Far From Where

La Galleria Nazionale

Places, direction, reference, border: selected: selected Works from the Schwarz Collection

Far From Where?
Claudio Magris's 1971 novel takes its name from a well-known Jewish parable: a man is about to leave when his friend says to him, "You must be going far." His response, "Far from where?" exemplifies the relativity and universality of the concepts of place, direction, and reference, as well as borders and "heimat" (a German word for a feeling of belonging) for nation and homeland—concepts that have always been latent in the Jewish outlook. It also partly symbolizes the fluidity of coordinates that has characterized our history, which is a concept evoked more generally by the title of the exhibition.
Arturo Schwarz and the "third generation" of Surrealism
This idea is personified by the collector, editor, and patron Arturo Schwarz, a Mizrahi Jew who relocated to Italy following significant political instability, introducing international contemporary art and culture to postwar Milan. There, he promoted exchange with first- and second-generation surrealism from Paris and the United States, which had previously appeared so alien, creating a kind of "third generation" all of its own in the process.

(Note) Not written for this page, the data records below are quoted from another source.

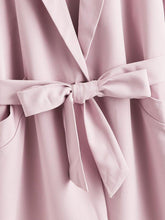 Notch Collar Buckle Strap Sleeve Self Belted Coat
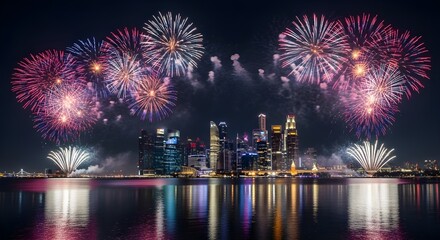 fireworks over the river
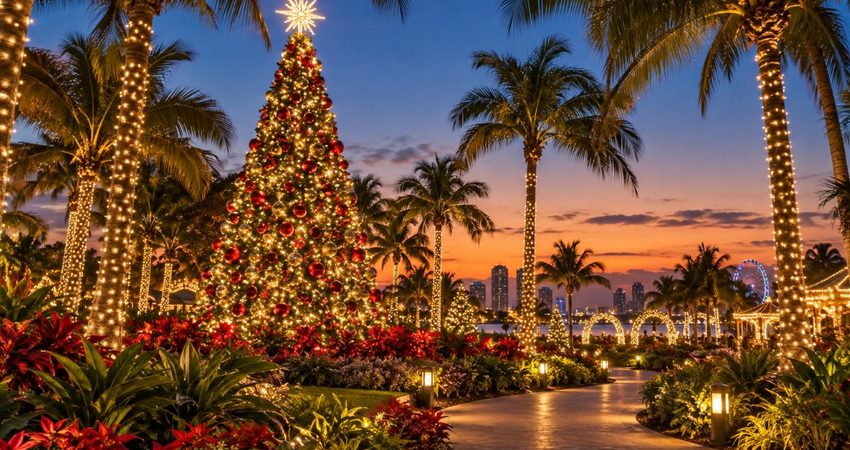 Miami se prepara para la Navidad: cuatro eventos con luces, árboles gigantes y noches de fiesta Navidad tropical en Miami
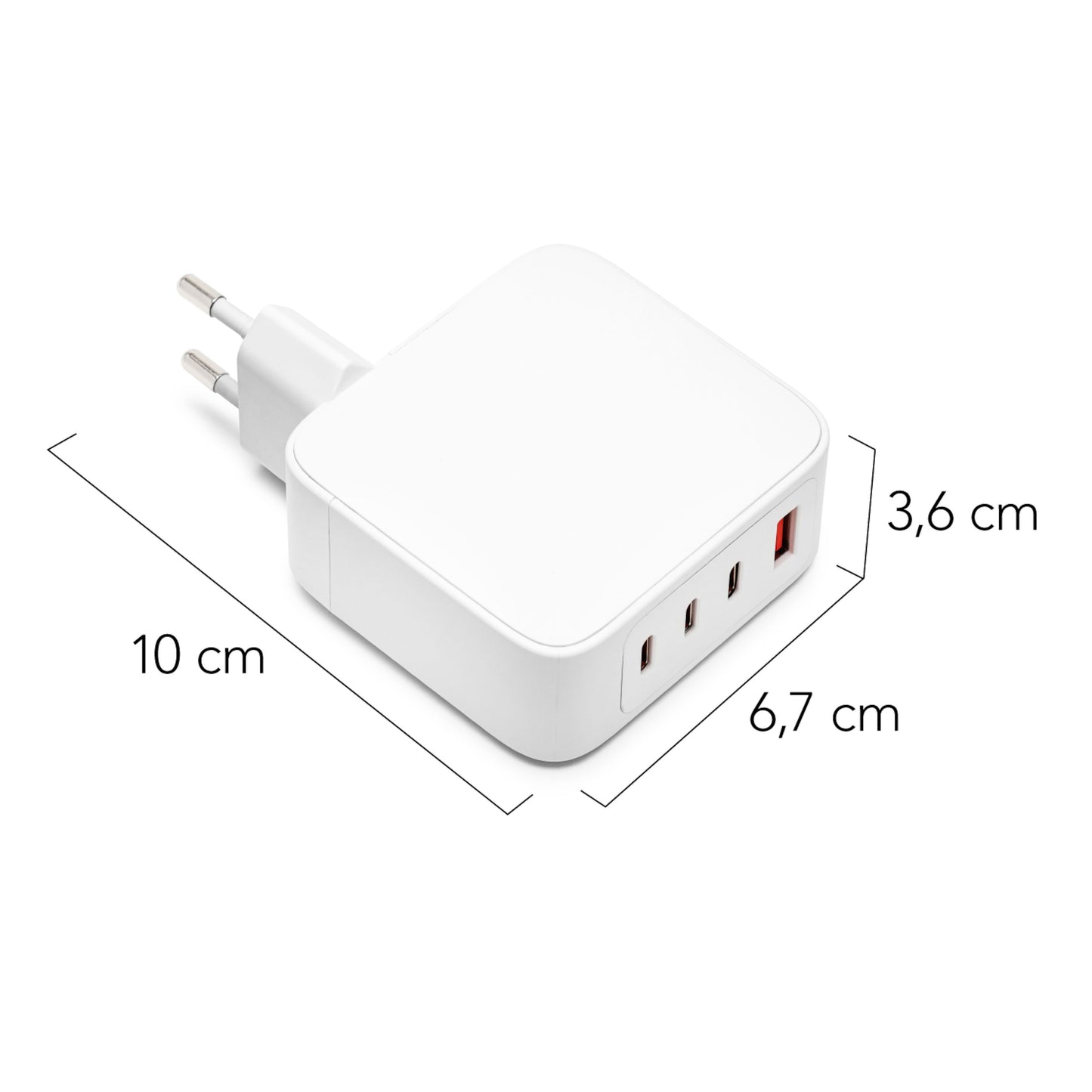 Linocell Premium GaN multioplader PD 3.1 140 W hvid med 3 USB-porte, EU-stik, måler 10×6,7×3,6 cm.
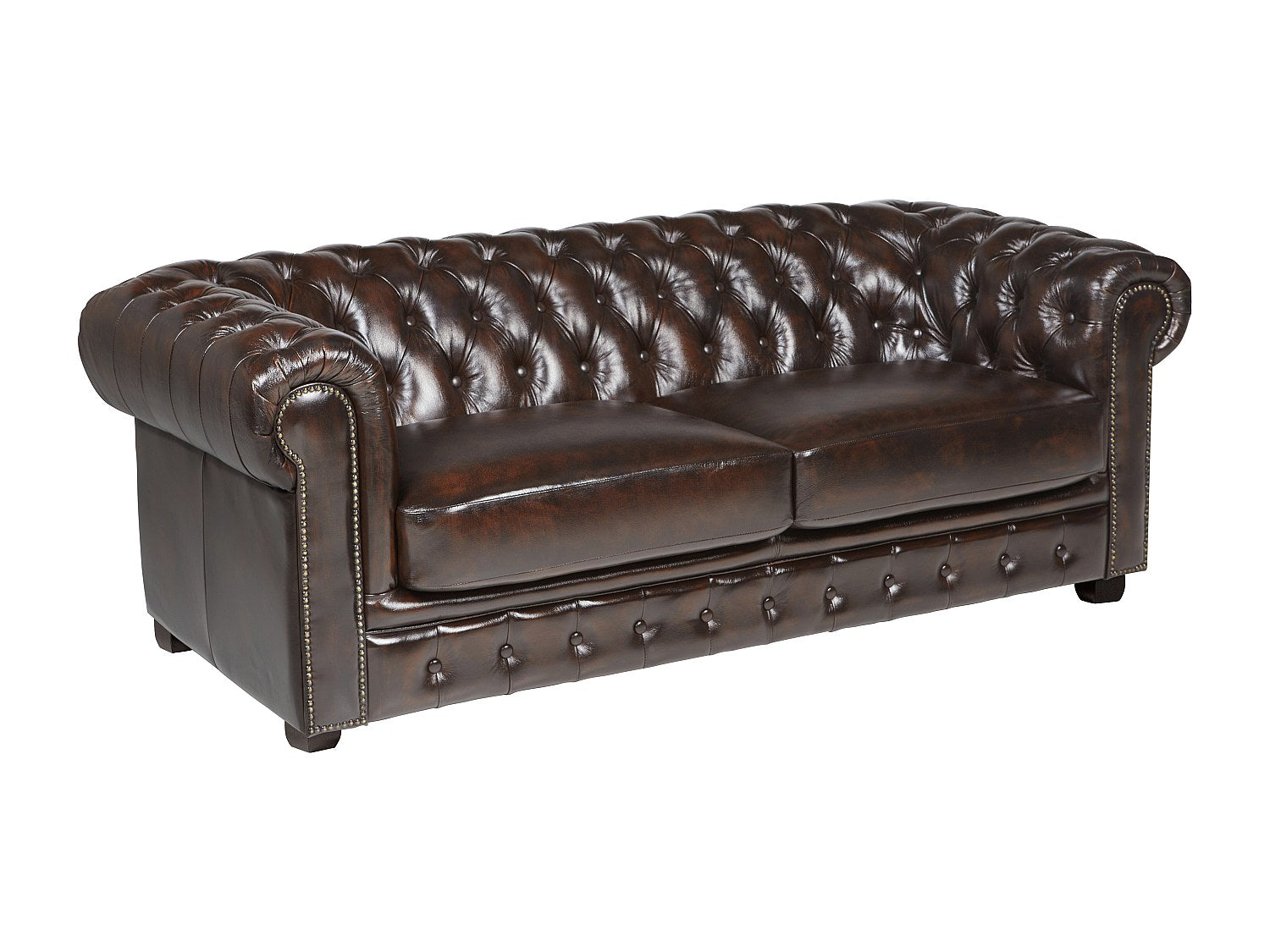 Canapé Chesterfield droit 3 places marron cuir - Brenton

He introduced Italy to the work of Marcel Duchamp, who was considered the most radical iconoclast of contemporary times, along with that of his crony Man Ray, and the key members of André Breton's first French surrealist circle. The Schwarz donation, which comprises over 400 works, also features Belgian and "Mitteleuropean" ("Middle European") surrealists.

Starting with Duchamp's "readymades," the collection showcases a selection of paintings, graphics, sculpture, photography, collage, and frottage of international provenance.